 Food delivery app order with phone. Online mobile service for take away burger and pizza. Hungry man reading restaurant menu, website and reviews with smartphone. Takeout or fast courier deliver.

...

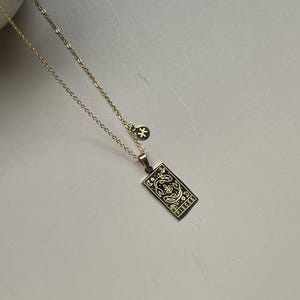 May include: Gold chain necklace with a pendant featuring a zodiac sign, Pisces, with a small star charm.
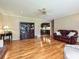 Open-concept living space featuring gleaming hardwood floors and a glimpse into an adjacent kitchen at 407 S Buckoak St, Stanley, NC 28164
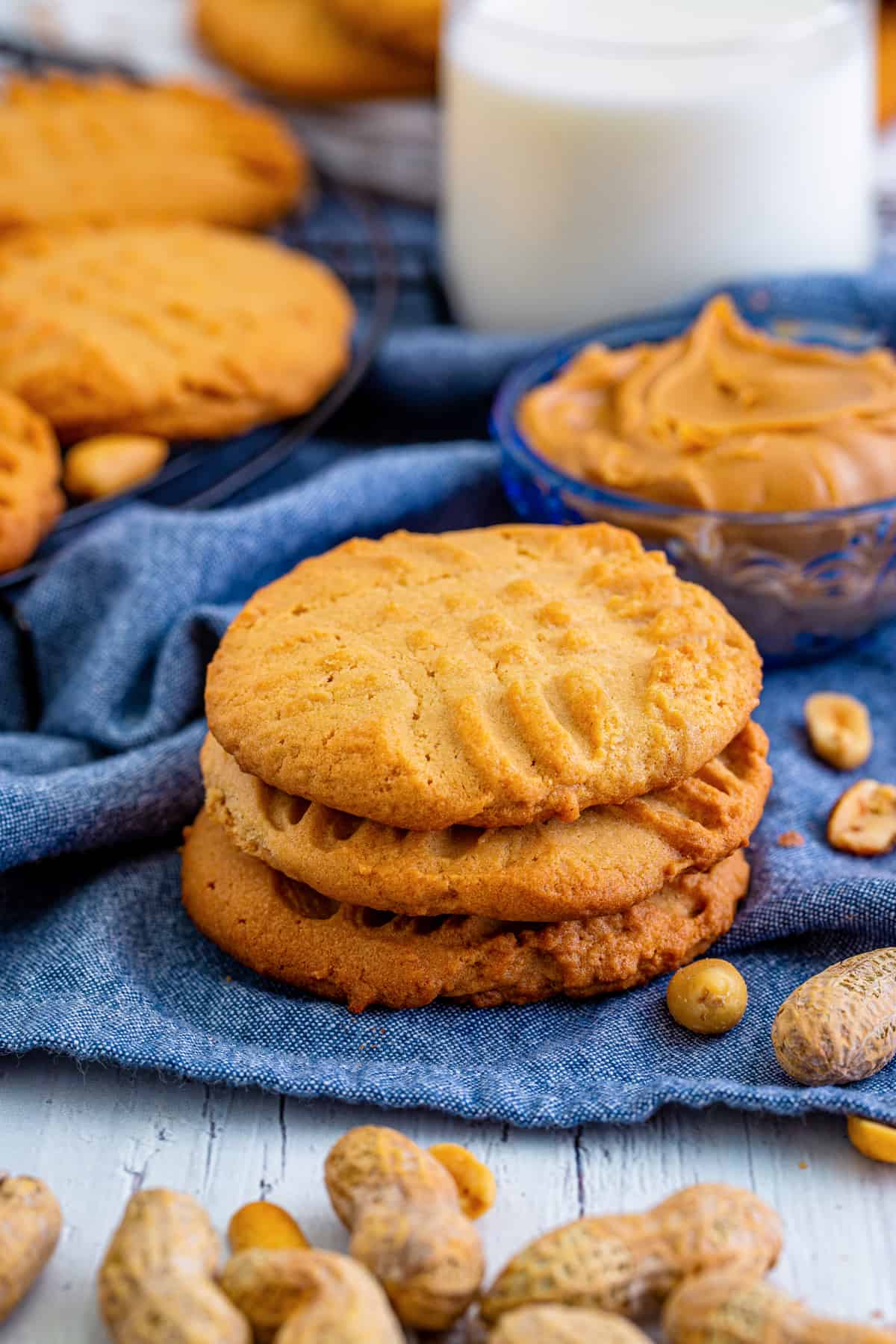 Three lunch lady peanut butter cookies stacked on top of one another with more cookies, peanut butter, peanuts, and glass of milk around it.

Exercise brief:
Would you output the lines above from the line holding "Open-concept living space" up to and including the line holding "Three lunch lady", exactly and only those, with no pictures?

Answer box:
 Open-concept living space featuring gleaming hardwood floors and a glimpse into an adjacent kitchen at 407 S Buckoak St, Stanley, NC 28164
 Three lunch lady peanut butter cookies stacked on top of one another with more cookies, peanut butter, peanuts, and glass of milk around it.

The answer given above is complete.